L'anesthésie émotionnelle génère un état dissociatif avec un sentiment d'étrangeté, de déconnection et de dépersonnalisation, comme si la victime devenait spectatrice de la situation puisqu'elle la perçoit sans émotion. Mais cette disjonction isole la structure responsable des réponses sensorielles et émotionnelles (l'amygdale cérébrale) de l'hippocampe (autre structure cérébrale, sorte de logiciel qui gère la mémoire et le repérage temporo-spatial, sans elle aucun souvenir ne peut être mémorisé, ni remémoré, ni temporalisé). L'hippocampe ne peut pas faire son travail d'encodage et de stockage de la mémoire sensorielle et émotionnelle des violences, celle-ci reste piégée dans l'amygdale sans être traitée, ni transformée en mémoire autobiographique.
Elle va rester hors temps, nonconsciente, à l'identique, susceptible d'envahir le champ de la conscience et de refaire revivre la scène violente de façon hallucinatoire, comme une machine à remonter le temps, avec les mêmes sensations, les mêmes douleurs, les mêmes phrases entendues, les mêmes odeurs, les mêmes sentiments de détresse et de terreur (ce sont les flashbacks, les réminiscences, les cauchemars, les attaques de panique…).

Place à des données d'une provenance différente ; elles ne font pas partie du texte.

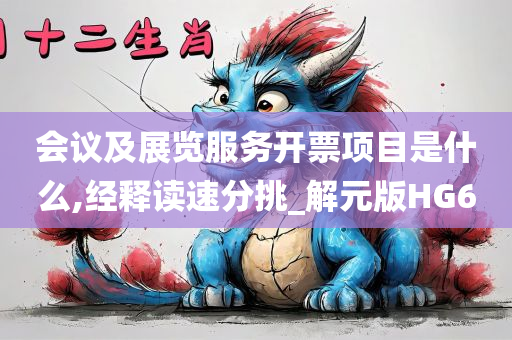 会议及展览服务开票项目是什么,经释读速分挑_解元版HG6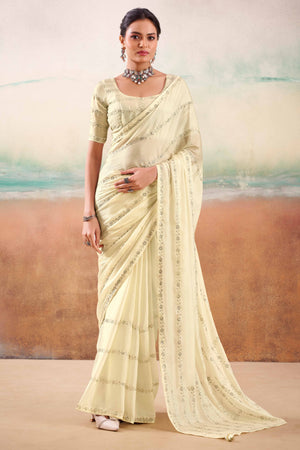 Offwhite Two Tone Chiffon Saree Adorned With Floral Cording Embroidery & Sequins Work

C'est cette mémoire piégée dans l’amygdale qui n’est pas devenue autobiographique qu'on appelle la mémoire traumatique. Dissociation et mémoire traumatique à l'œuvre.
Tant que la victime sera exposée à des violences ou à la présence de l’agresseur ou de ses complices, elle sera déconnectée de ses émotions, dissociée. La dissociation, système de survie en milieu très hostile, peut alors s'installer de manière permanente donnant l'impression à la victime de devenir un automate, d'être dévitalisée, confuse, comme un "mort-vivant".

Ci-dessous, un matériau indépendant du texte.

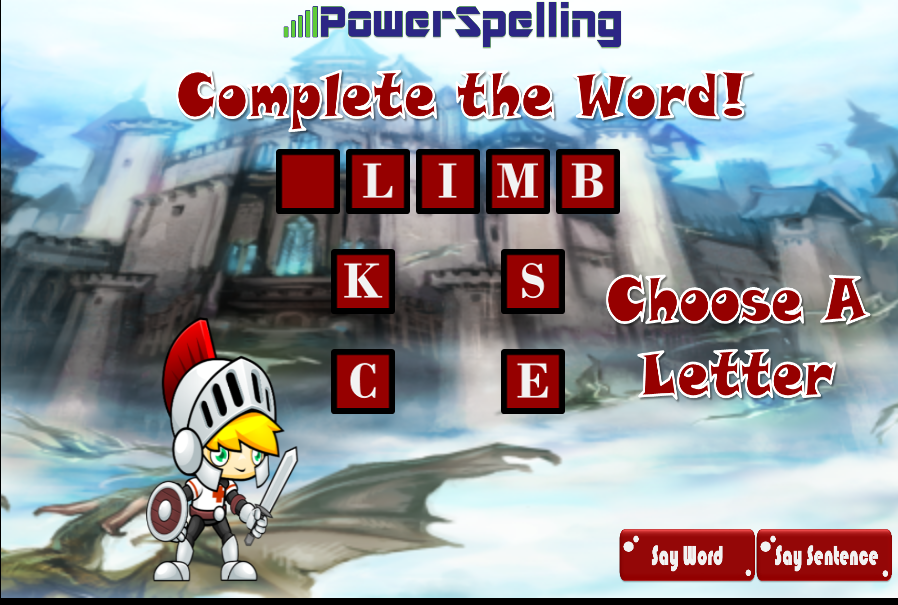 Online Spelling Games — Power Spelling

Cette dissociation isole encore plus la victime, explique les phénomènes d’emprise et désoriente toutes les personnes qui sont en contact avec elle (Salmona, 2015). L’absence d’émotion apparente d’une victime dissociée fait que le processus d’empathie automatique n’est pas activé par les neurones miroirs de ses interlocuteurs, et ils seront d’autant plus rares à se mobiliser pour elle et à la protéger alors qu’elle est
gravement traumatisée et en danger. Ces troubles dissociatifs traumatiques suscitent fréquemment chez l’entourage et les professionnels indifférence, jugements négatifs, voire rejet et maltraitance.